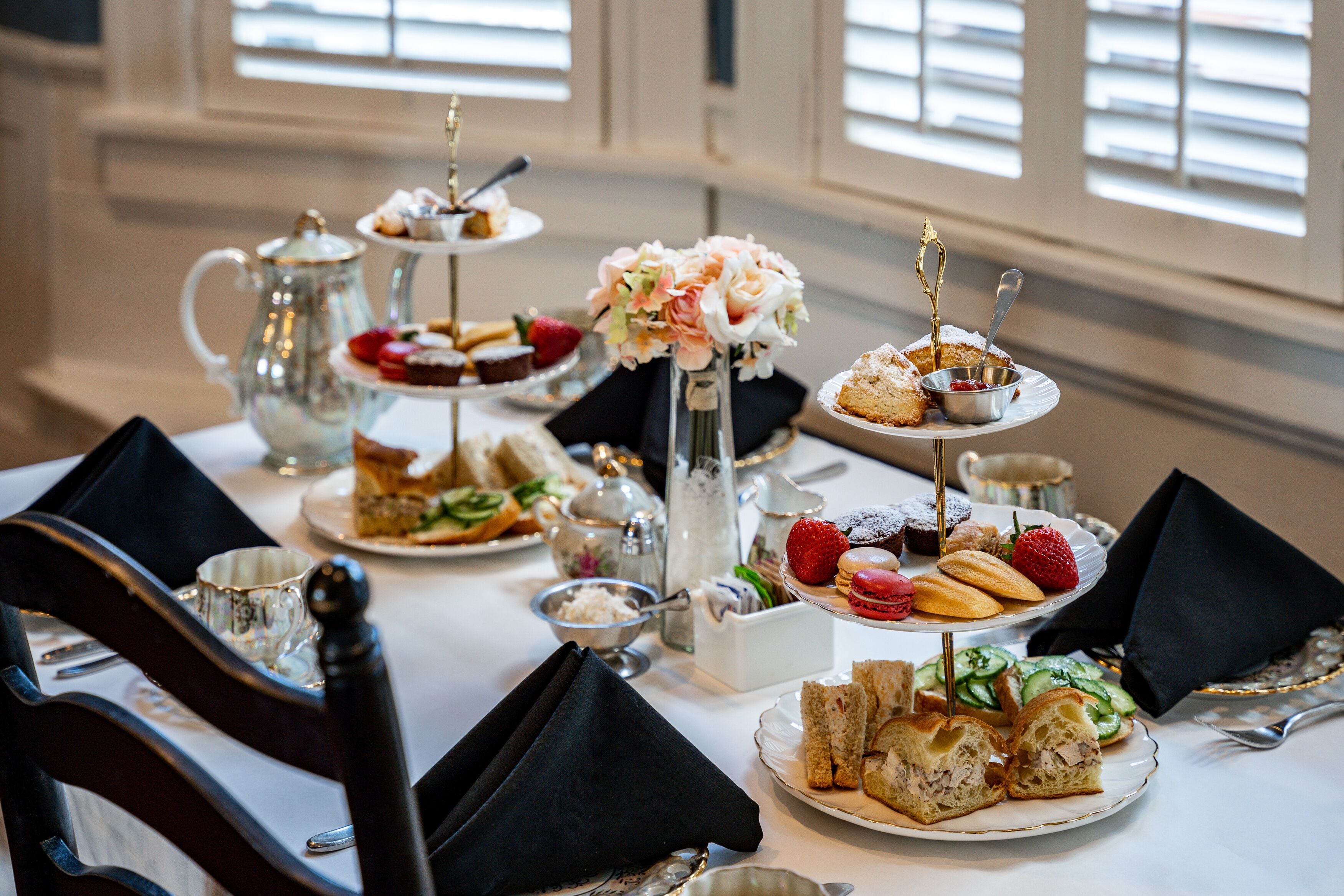 A table set for a tea service with various pastries and sandwiches.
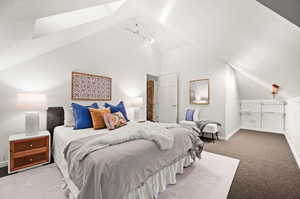 Carpeted bedroom featuring vaulted ceiling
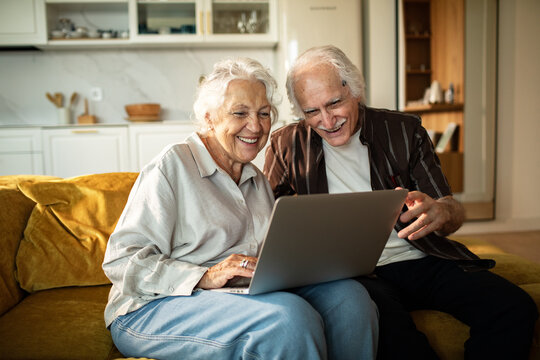 Happy senior couple using laptop at home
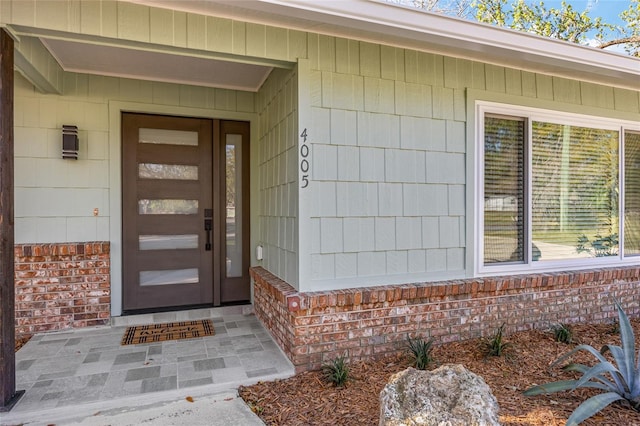 view of exterior entry featuring brick siding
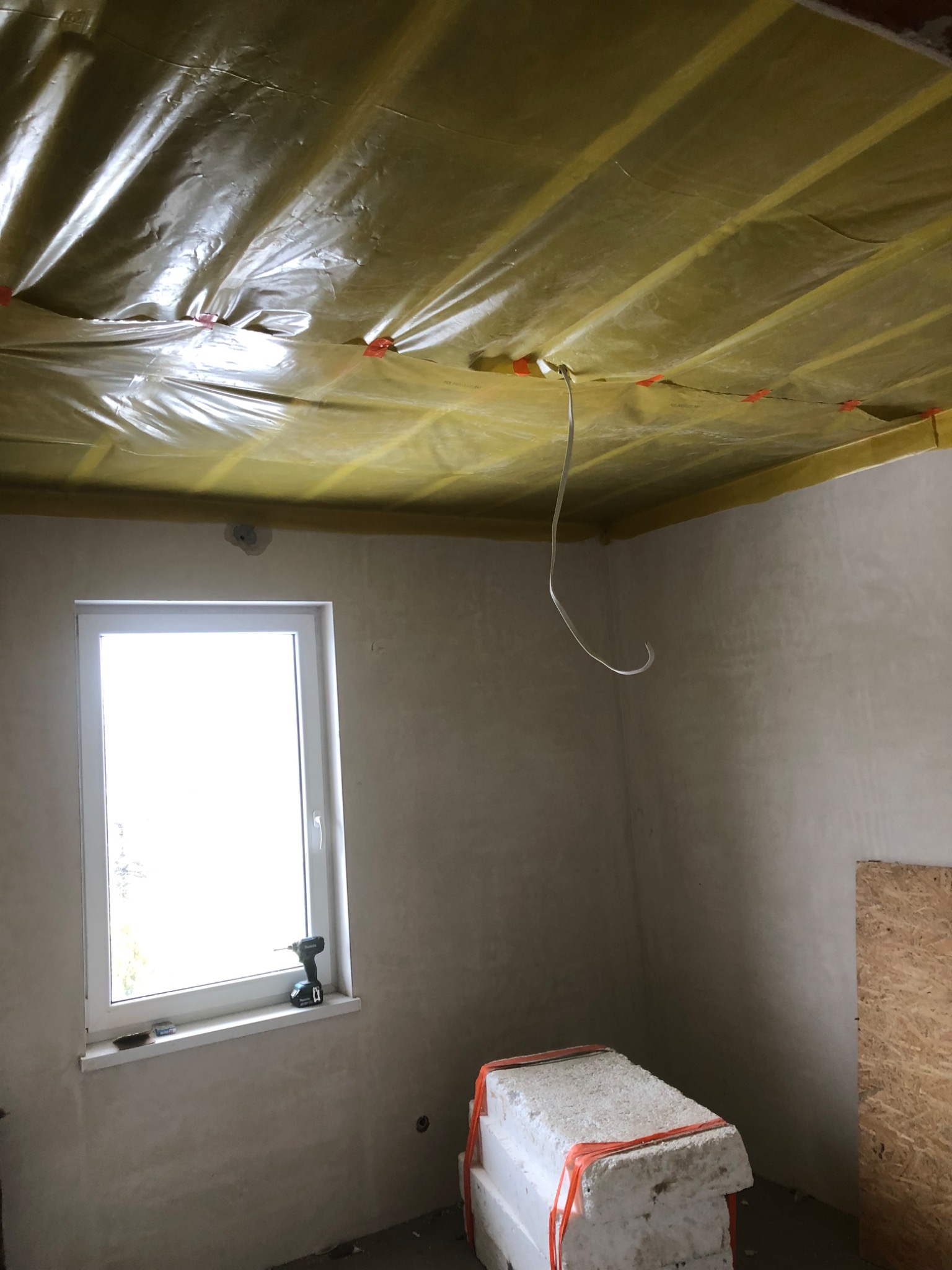 Wnętrze w trakcie prac wykończeniowych: sufit zabezpieczony folią z widocznymi mocowaniami, ściany po nałożeniu gładzi, okno z wkrętarką na parapecie, oraz styropian w pomarańczowej folii w rogu...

---

_Action item:_
What you print must be exactly the lines from the one containing "Happy senior couple using laptop at home" through the last line of the material, and no pictures.

_Exercise answer:_
 Happy senior couple using laptop at home
 view of exterior entry featuring brick siding
 Wnętrze w trakcie prac wykończeniowych: sufit zabezpieczony folią z widocznymi mocowaniami, ściany po nałożeniu gładzi, okno z wkrętarką na parapecie, oraz styropian w pomarańczowej folii w rogu...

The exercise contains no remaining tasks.